In order to define and diagnosis a mood disorder, we must look for a pervasive and problematic history of mood disturbance which may be underlying a person’s physical or psychological condition to the point of detriment. Clinical depression, the common cold of mood disorders for many an alcoholic and addict alike, often reveals itself in such maladies as fatigue (conversely sleeplessness) muscle aches, deterioration of cognitive or intellectual capabilities, and the like. Unfortunately, many addicts suffering from any variety of these ailments may be dismissed as lazy, or attention-seekers, many times the presenting issues prevalent with substance abuse itself (hangovers or withdrawal) may mask some of these symptoms. bipolar disorder, anxiety, depression, and substance abuse induced disorders are some of the commonly known ailments of the mind most frequently seen in addicts and alcoholics.
In the case of substance induced disorders, a direct connection must exist between an abused chemical and the source of physiological/emotional distress. This is seen at both the high and low end of abuse cycle and the behaviors must be directly attributable through observation as having a predictable and typical effect or outcome on the individuals’ behavior, a cause and effect. This may be seen especially and most typically when an addict begins to experience withdrawal consequences as the addiction process begins to mature.
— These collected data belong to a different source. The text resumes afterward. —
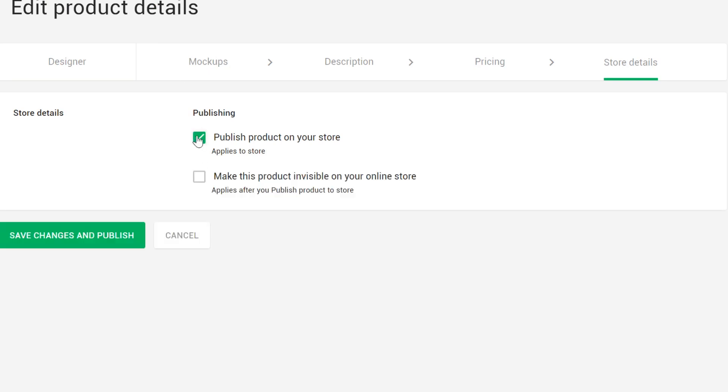A few more notes on Etsy before you start. Each listing you add costs 20 cents, but you can add listings as drafts first and only pay once you publish them to your shop. You can do this by checking the "hide in your store" checkbox during the publishing process. If you don't check this box, you will be automatically charged 20 cents.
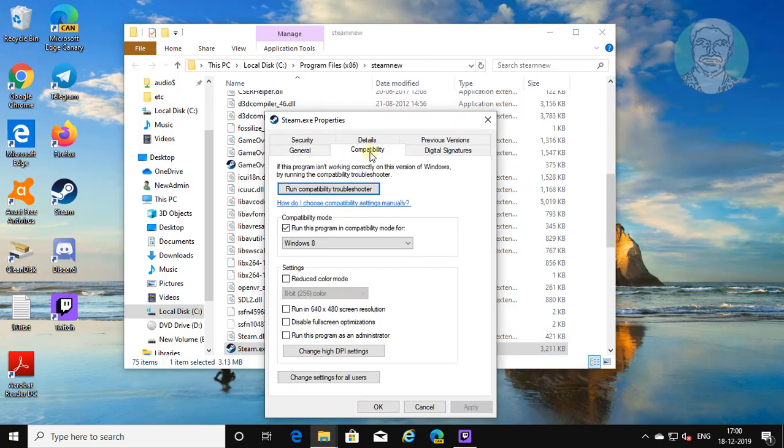Click Compatibility tab. Uncheck Run this program in Compatibility Mode.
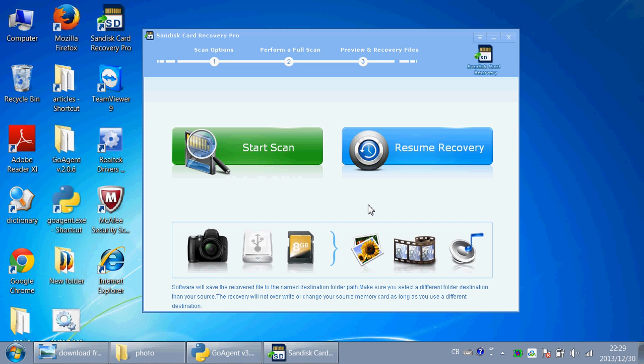Hi guys, recently my friend keeps asking me how to recover deleted photos from SanDisk memory card, so I think you need to know how I did it and what software I used. This software really saved me.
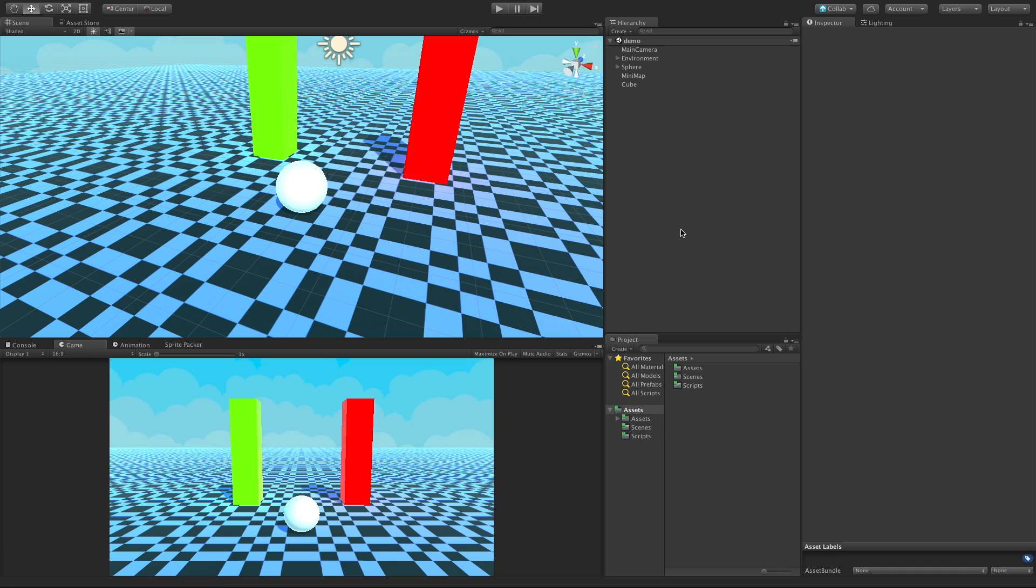In today's video we're going to take a look at how to stack cameras up to achieve certain visual effects. In this scene I'm going to have a 3D GUI system on top of our actual game view.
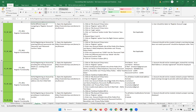Let's understand this particular test case before we start automating it. Going through the text here, let's try to understand what exactly this test case is all about. Verify registering an account by providing the existing account details — that is an existing email address. So while creating a brand new account using the RegisterAccount functionality, you have to provide an existing email address for which an account already exists.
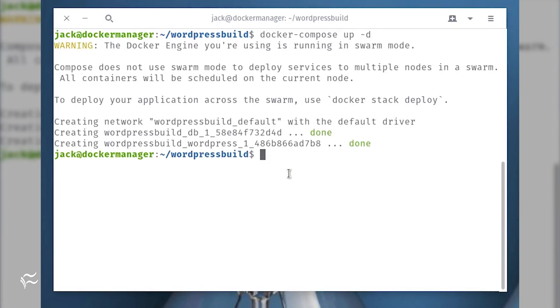Let's say you want to check the logs from your deployment. To do this, issue the command docker-compose logs.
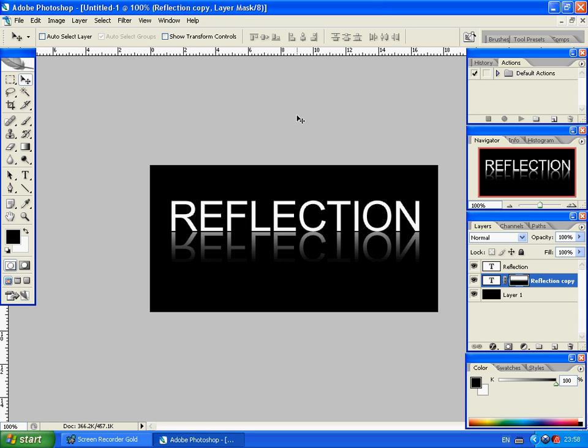So, in this video tutorial, I'm going to teach you how to make a little reflection image like this. Making your text look like it's reflecting off of a shiny surface.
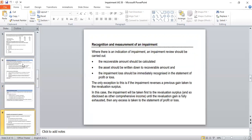Let us have a look at how we are going to recognize and measure impairment in our books of accounts. If it is the first time that impairment is existing, you are simply going to recognize this impairment loss on the face of your statement of profit or loss immediately. When you compare the recoverable amount with the carrying amount and see that the carrying amount is more than the recoverable amount, the amount over and above needs to be recognized as an impairment loss on the face of the statement of profit or loss.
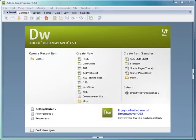Okay, so let's talk now about the Dreamweaver CS3 interface and how it can help you be more productive.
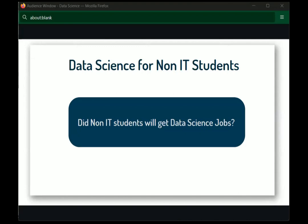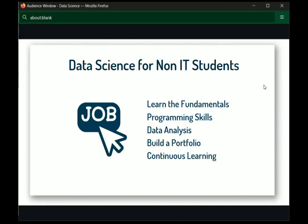Hello everyone, welcome to another session in data science. Today our topic is: will non-IT students get data science jobs? Let's start the session on data science for non-IT students. If you follow the important steps in your CV and follow through, you will get placed in a good job — that's guaranteed.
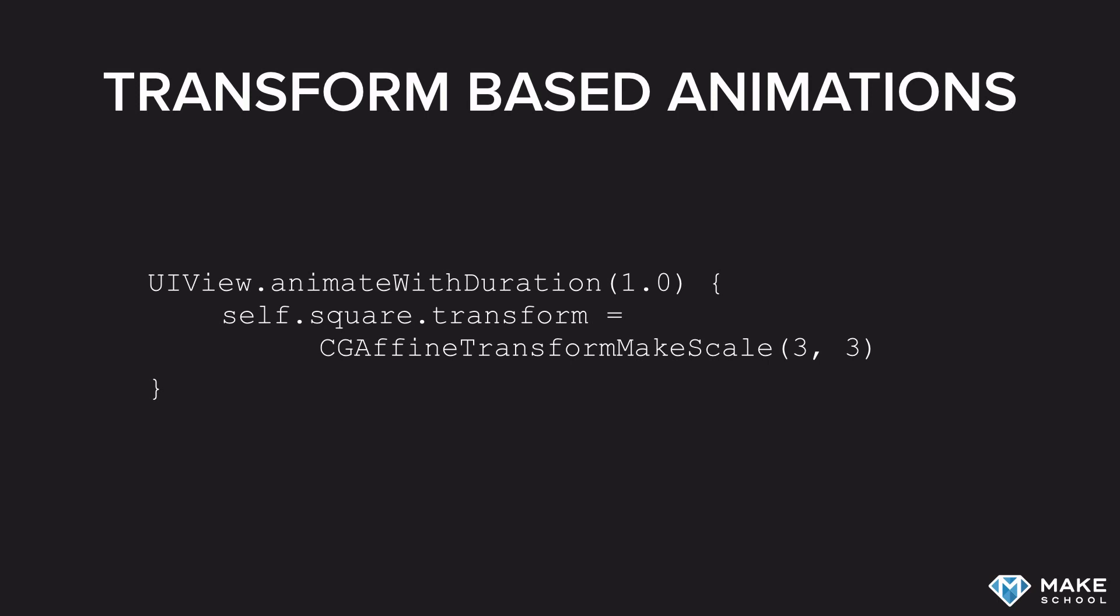The transform property allows us to assign different transforms, like in this example, a scale factor. The scale factor consists of an x and a y scale factor. So with this animation, we are scaling the square view by factor 3, and we're doing that over 1 second.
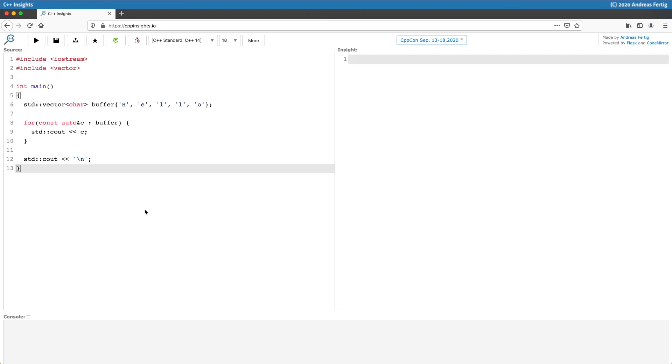Now if we alter this example slightly and instead of using a plain old C array use a std vector for example, it could look like this. Here is essentially the same, we have a buffer with the characters hello in it and we iterate over that buffer printing it out as before.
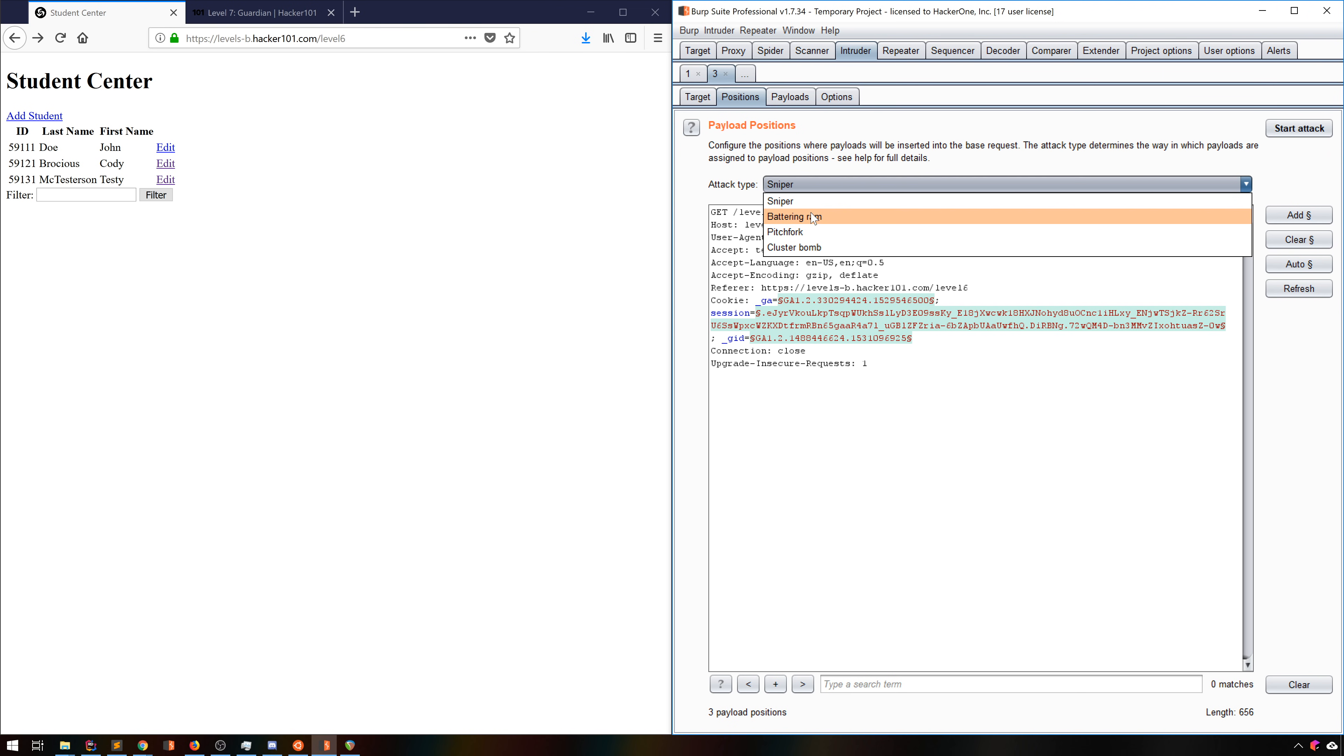Battering Ram is basically the same thing, but instead of trying them separately, it just puts each payload in every position all at once. Each position will always have the same value that the other positions have.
More common than not though, is the existence of what is commonly referred to as a dual diagnosis. In this scenario, the mood disorder is primary with the addiction serving to help medicate symptomology. Often times, one’s drug of choice may be a substance which an individual finds best relieves, alleviates, or compensates for the symptoms of an underlying mood disorder. For instance, a bipolar person who thrives on periods of being ‘up’ may begin using drugs more heavily, perhaps increasing the use of stimulants during a downward cycle, in order to stay ‘up’ because they identify this trait of being ‘up’ more closely with themselves and to the outside world and feel shame in not quite being themselves during down cycles. This can be a particular hazard to people with bipolar disorder once they are clean and sober as well.
Whether or not a mood disorder is manifested simultaneously with active addiction/withdrawal and is a secondary consequence of chemical abuse or the disorder is primary, being masked or self-medicated by substance abuse, treating the mood disorder is of as much importance as treating the substance abuse itself. Oceanside Malibu Addiction Treatment Center understands that an individual with a mood disorder that goes untreated is at a greater risk for relapse.
Our program addresses the substance abuse, any mood disorder that may be present, and more importantly, the individual. If a mood disorder diagnosis is present and poses a significant clinical impairment to an individual’s ability to function effectively and progress satisfactorily toward rehabilitation goals, our staff will educate both the client and their family in regards to the various treatment options available to them. This aids the client in beginning to build a support system within the family by equipping everyone with the tools and education needed to help ensure long-term recovery. Oceanside Malibu Addiction Treatment Center’s approach is an integrated model that has proven itself again and again.